I really hate HID so bad it is such a poor abstraction and since every application accesses the device directly any state is lost (e.g. for our devices you can change power management, reporting speed, light colors and more).
Sure, it's maybe hard to describe advanced data, but imho for the basic things it just works fine, and it's actually supposed to do so in order for application not to have to hardcode the packet structures. Not having anything described just makes third-party and application hardcode these structures again and lose all the flexibility HID could have provided.

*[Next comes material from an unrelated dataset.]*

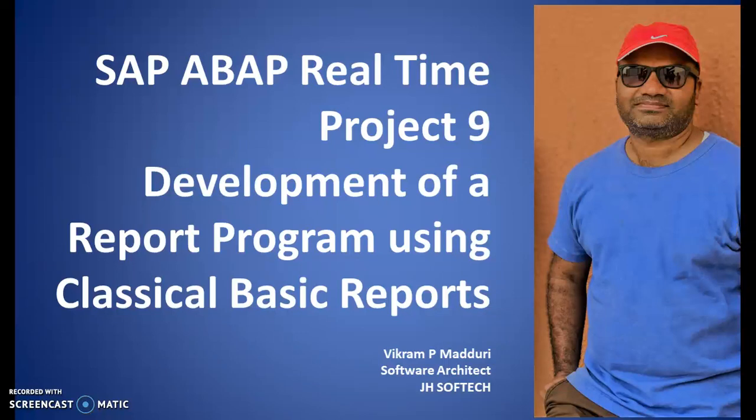Hello everyone, I'm Vikram P. Madduri here. Welcome to JHsoftech and in this session we are going to discuss about the real-time project 9 on SAP ABAP. Basically, we'll be developing a report program using classical basic ALP report, classical basic report events.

Overall, and trying to move forward on this I'd like to better understand what you are worried about exactly. Our intention here is to mimic Windows behavior as close as possible, regardless of what the Linux environment is doing around, so we intended to:
- Have the basic input reports sent by default, translated from the
extended ones if needed, and until they are supposed to be sent, from the Windows world point of view.
- Watch and support whatever mechanism is supposed to trigger the
extended input reports and pass them through after that point.
Are you worried that 2) isn't well defined and that it would be hard to decide whether the extended input reports we receive are actually supposed to be passed through or not?
In that case instead of trying to figure which report numbers matter here, we could just assume that any kind of output or feature reports seen for these devices are potentially supposed to trigger the extended reports, would that be better?
Cheers,
Rémi Bernon rbernon@codeweavers.com
I have been thinking about it a bit more. Maybe the hack if paired with the feature report 5 filter is not too bad.
Though be aware that this fixup would also need to be done probably for other platforms e.g. Mac. I do not know what applications all support DS4/DualSense there. I assume at least SIE's RemotePlay app, but probably other applications as well. I do not know what level of support there is in native OSX, but there might be some (as Apple did implement a lot of code for our controllers in iOS).